How was it possible to make such huge profits on such picayune investments, since modern industrial equipment for the production of ships costs a pretty penny? Well, there was good old Uncle Sam. Shipyard operators invested $22,979,275, or rather, as Marvin Coles, counsel for the House Committee, stated: “This money of the operators was the capital which they had available and was not actual investment in the shipyards themselves.” But let’s not quibble. On the other hand, for shipyard facilities which enabled the private shipyard operators to collect $356,006,612 in profits, yes, the government spent $424,250,694.

No wonder Mr. Casey testified that the taxpayers “not only of this generation but of generations to come” will be paying the bill – and that means us workers being docked each week out of the pay envelope.
 

Horatio Alger Kaiser

The testimony given before the House Merchant Marine Committee on September 23 revealed that the companies owned or controlled by Henry J. Kaiser and his associates made the most money on the least investment. The Kaiser companies, namely, California Shipbuilding Corporation; Kaiser Company, Inc.; Kaiser Cargo, Inc.; Oregon Shipbuilding Corporation; Permanente Metals Corporation and Walsh-Kaiser, Inc., had a total capital investment of $2,510,000, and made profits estimated at $192,237,284.

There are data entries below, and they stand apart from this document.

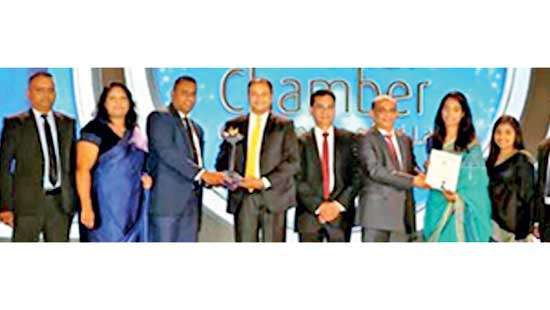 CDB wins 5th consecutive National Business Excellence Award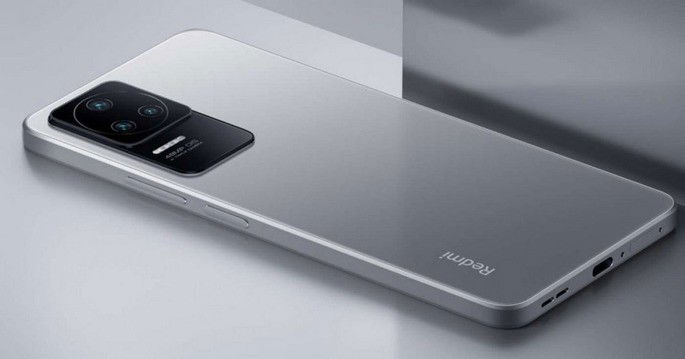 Redmi K40S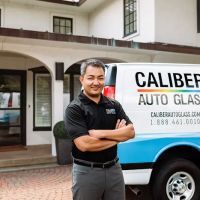 Caliber Auto Glass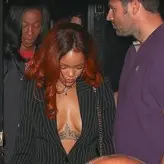 Rihanna nude #1924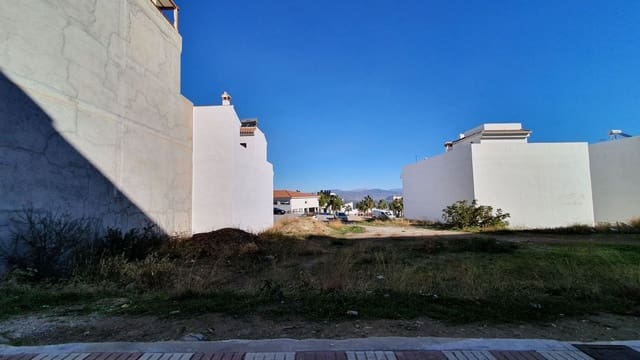 Undeveloped Land for sale in Alhaurín el Grande - € 186,000 (Ref: 7901425)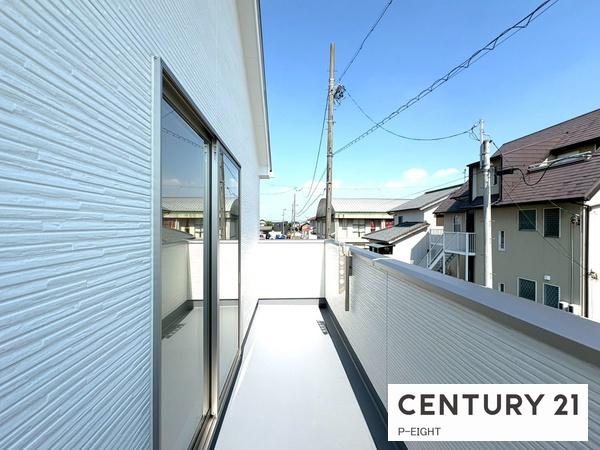 岩倉市大地町小森の新築一戸建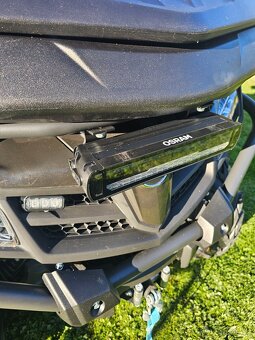 CFMOTO cforce 450L r.v. 2022 - 10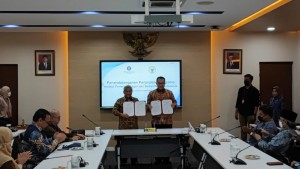 IPB Kerja Sama dengan BWI Investasikan Rp200 Milyar di Sukuk Wakaf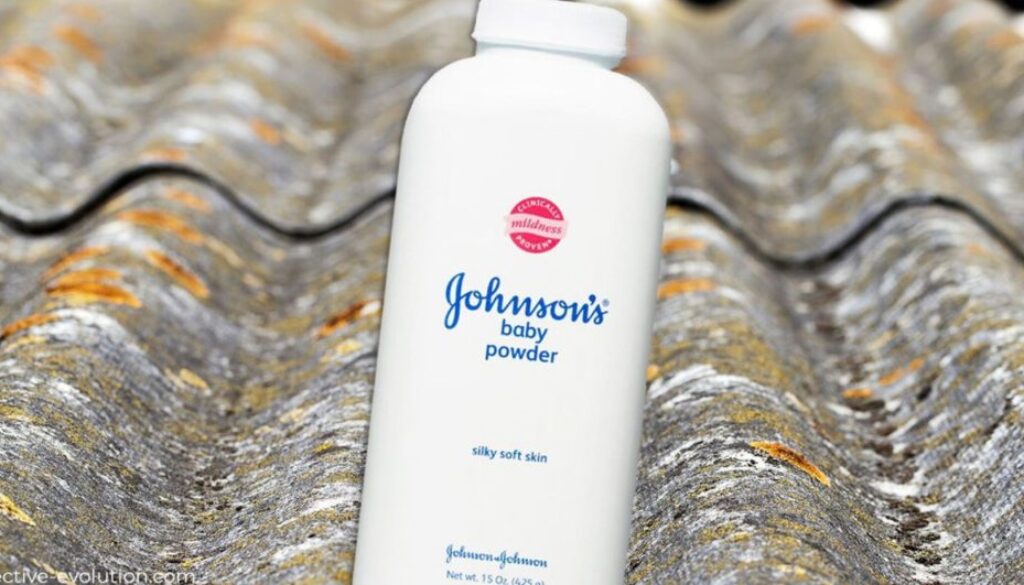 johnson CE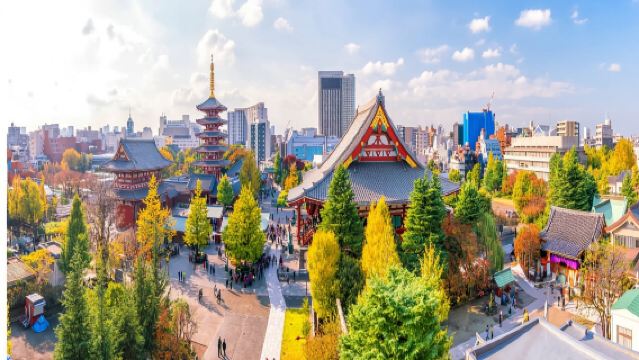 日本奈良 神戶 大阪 京都 名古屋 東京 旅遊陪同翻譯 展會翻譯 商務翻譯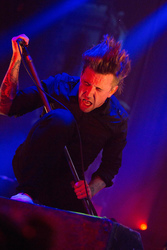 Benjamin Kowalewicz (Billy Talent)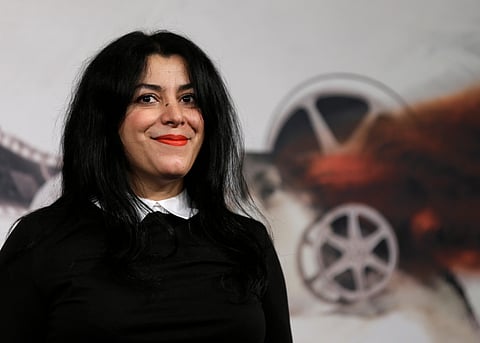 Marjane Satrapi passes away at 56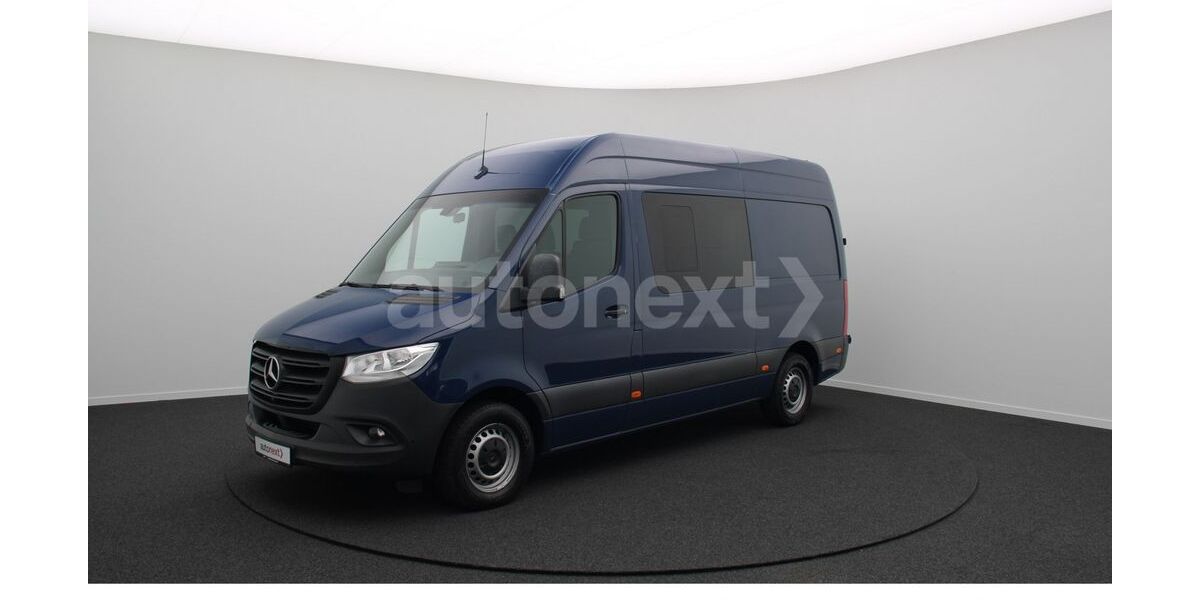 Mercedes-Benz Sprinter 120.000 km 36.283 &euro; Mönchengladbach 41066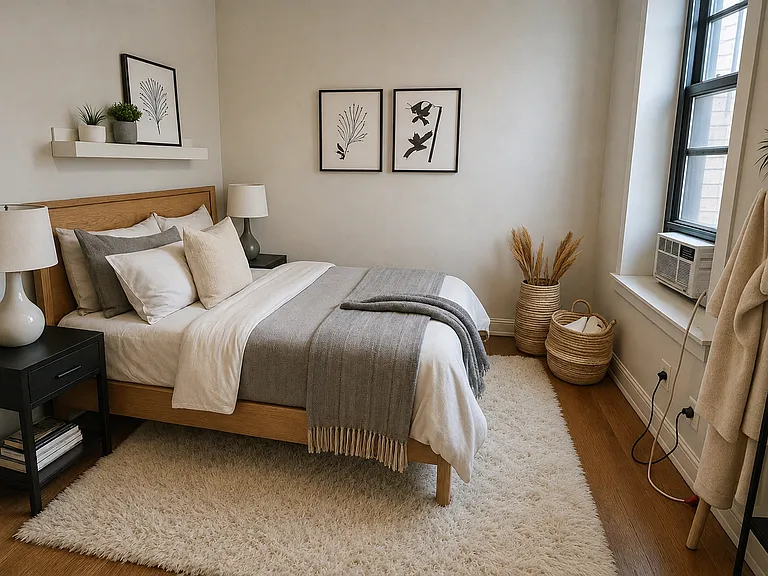106 Norfolk St #28 — Photo 1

This seems to be a yield of about 9600 per cent. Henry J. Kaiser certainly did all right by himself out of ships in which American boys went to their death. Of the nineteen companies under inquiry, Mr. Kaiser’s group, with about one-ninth of the capital invested, took home more than one-half of the bacon.

Up for questioning before the House Committee, Mr. Kaiser, smart industrialist that he is, developed a convenient case of extreme ignorance about his companies’ affairs. “I don’t know,” was a stock answer. However, he claimed that his losses in his steel mill must be charged against his profits in shipbuilding. Funny he said nothing about his profits in other wartime projects such as aircraft, aluminum and the eighteen different industries he was engaged in. He protested that he was being singled out as a scapegoat and wanted to know why the Pew family, also engaged in wartime shipbuilding, was not being investigated. Why, not?
 

A New Theory

Kaiser also developed a new theory of profit, in his testimony. He thinks that profit should be figured on the basis of production and not invested capital. He said that on this basis his profits were “Less than one-tenth of one per cent of the total volume of work done for the Maritime Commission,” whereas General Motors netted 6.0 per cent on production and du Pont 12.7 per cent in 1945.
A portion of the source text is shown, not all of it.